Re: [PATCH] btrfs: root memcgroup for metadata filemap_add_folio()

Christoph Hellwig <hch@xxxxxxxxxxxxx> · Tue, 1 Oct 2024 02:19:27 -0700

On Sat, Sep 28, 2024 at 02:15:56PM +0930, Qu Wenruo wrote:
> [BACKGROUND]
> The function filemap_add_folio() charges the memory cgroup,
> as we assume all page caches are accessible by user space progresses
> thus needs the cgroup accounting.
> 
> However btrfs is a special case, it has a very large metadata thanks to
> its support of data csum (by default it's 4 bytes per 4K data, and can
> be as large as 32 bytes per 4K data).
> This means btrfs has to go page cache for its metadata pages, to take
> advantage of both cache and reclaim ability of filemap.

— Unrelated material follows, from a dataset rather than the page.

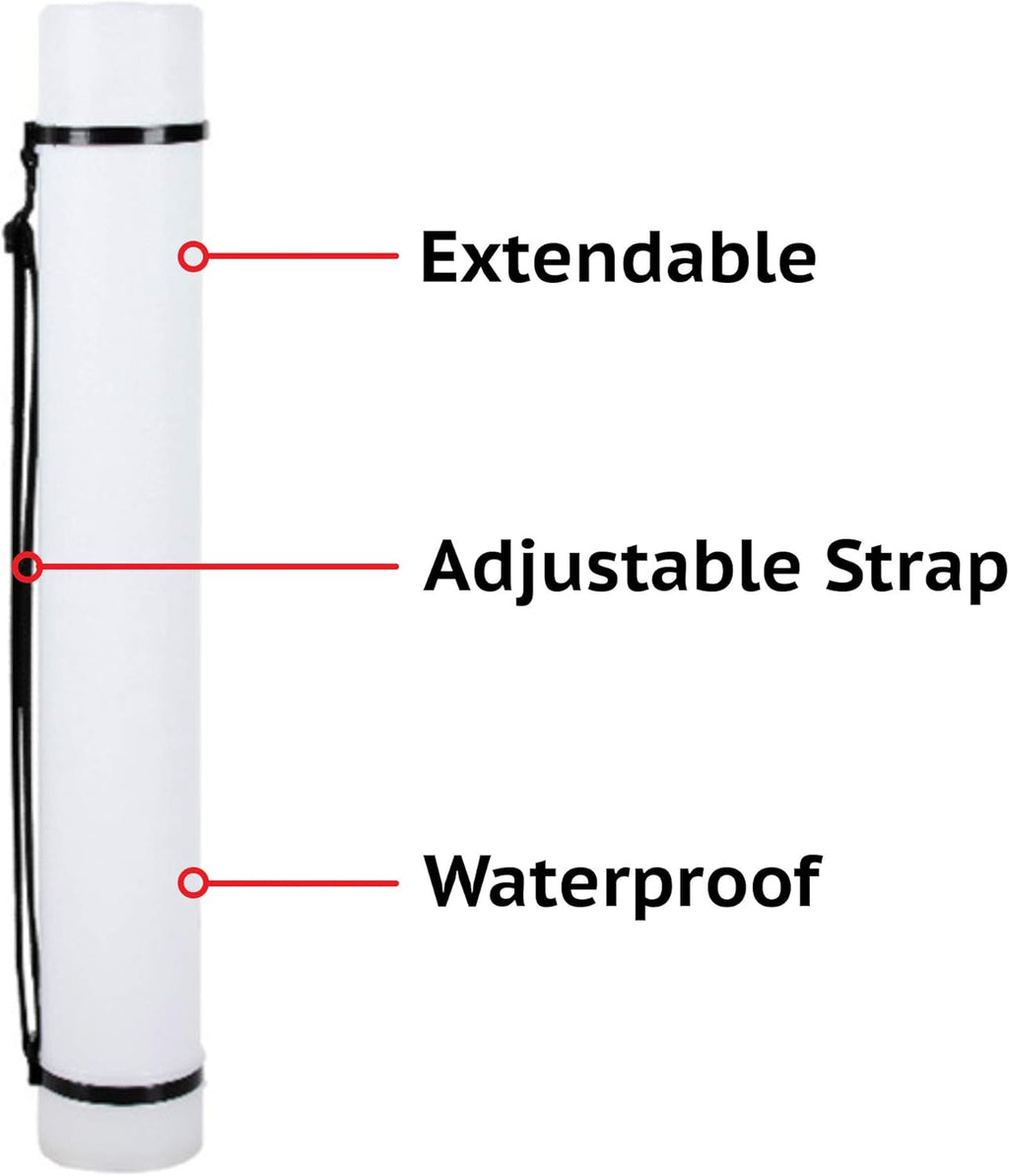 CALPALMY 2-Pack Expandable Poster Tube with Strap - White Storage Tubes 24.75" to 40" with Caps and Labels - Use for Blueprint Document Poster Carrying Case and Holder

FYI, in general reclaims for metadata work much better with a shrinker
than through the pagecache, because it can be object based and
prioritized.

> [ENHANCEMENT]
> Instead of relying on __GFP_NOFAIL to avoid charge failure, use root
> memory cgroup to attach metadata pages.
> 
> Although this needs to export the symbol mem_root_cgroup for
> CONFIG_MEMCG, or define mem_root_cgroup as NULL for !CONFIG_MEMCG.
> 
> With root memory cgroup, we directly skip the charging part, and only
> rely on __GFP_NOFAIL for the real memory allocation part.

This looks pretty ugly.  What speaks against a version of
filemap_add_folio that doesn't charge the memcg?